The question is how to create that experience in a first session with someone who is not yet in the genuinely open state that productive coaching usually requires. The answer lies in the quality of the listening: the specific attentiveness to what the coachee says, the patterns it contains, the specific places where what is said and what seems to be true are not entirely aligned, that produces the observations and questions with enough precision and enough accuracy that they land as recognition rather than as imposition. The coach who listens well enough in the first session to ask the question that makes the coachee pause, genuinely, will have done more to address the resistance than any amount of carefully constructed rapport.

Third: establish honest accountability for the engagement’s purpose

The third thing that needs to be established in the first session is an honest and specific account of what the engagement is for. Not what coaching is in general, not what the organisation hopes it will produce, but what this specific engagement, with this specific person, in this specific professional context, is designed to develop and how that development will be evidenced.

Resistant coachees often have an underdeveloped sense of the specific purpose of their engagement because the contracting that preceded it was generic rather than specific. The coaching was commissioned because the organisation believes they need development, or because it is a standard provision for the cohort they are in, or because a specific concern has been identified that has not been communicated clearly. None of these is a specific enough development purpose to generate the motivated engagement of a resistant senior leader.

The first session accountability conversation asks: what specifically are you trying to develop in this engagement, what would good look like in twelve months, and how will we know whether we are making genuine progress?
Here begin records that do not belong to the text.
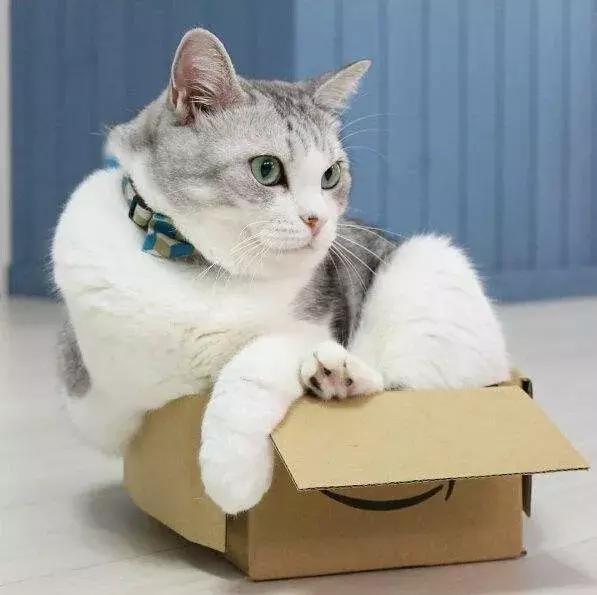 如何封印一只猫,怎么一招封印猫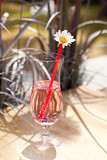 Fototapeta Sypialnia - pink coctail with straw. refreshing drink glass with ice on sunlight and grass background. Ice cubes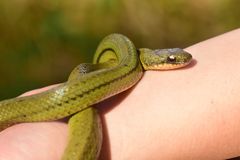 Erythrolamprus epinephalus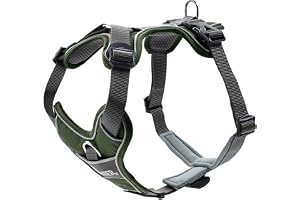 HUNTER Hundsele, grön/grå, 45–56 cm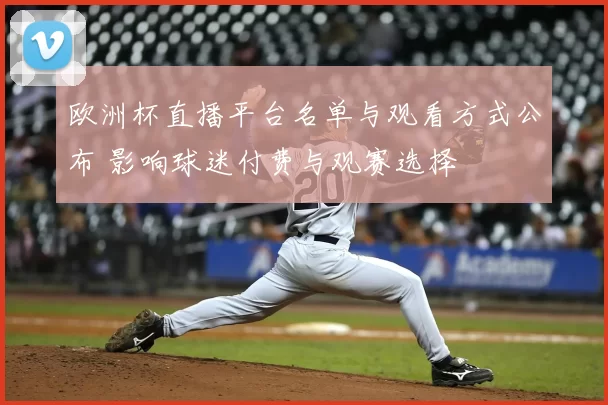 欧洲杯直播平台名单与观看方式公布 影响球迷付费与观赛选择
These questions require the coachee to take ownership of the developmental agenda rather than receiving it as a service that the organisation has purchased on their behalf. Ownership is the single most important variable in whether coaching produces genuine development or merely adequate compliance, and it can be initiated, with the right facilitation, even in the first session with a coachee who arrived resistant.

The coach who leaves the first session having established genuine recognition of the resistance, having offered a specific experience of value, and having contracted toward a specific and personally owned development purpose, has done the most important available work toward an engagement that the resistant coachee might actually find genuinely valuable. None of this guarantees the outcome. But it creates the specific conditions in which genuine development becomes possible for someone who arrived doubting it was.

What the first session cannot accomplish

Equally important as knowing what to establish in the first session is knowing what to resist attempting. The first session cannot produce genuine developmental progress on the specific goals that the engagement is designed to address. It can create the conditions under which that progress will be possible, and it can plant the specific seeds of honest engagement that will germinate over subsequent sessions if they are tended well. Attempting to accelerate past this foundation-building into the developmental work itself, under the pressure of the coachee’s limited time or the organisation’s expectations of visible progress, is the specific error that most reliably undermines the first session’s most important function: establishing the honest, specific, mutually owned foundation from which genuine development can grow. The coach who completes the first session having done only these three things well has done the most important available work. What follows from that foundation will be more productive than what would have followed from a more ambitious first session that skipped the foundation to reach the development work the coaching was commissioned to produce.

The first session with a resistant coachee is not the beginning of the coaching. It is the beginning of the contracting that makes coaching possible. The coach who mistakes rapport-building for this work will arrive at the second session with a pleasant relationship and an unresolved resistance. The coach who does the work has something more useful: an honest foundation.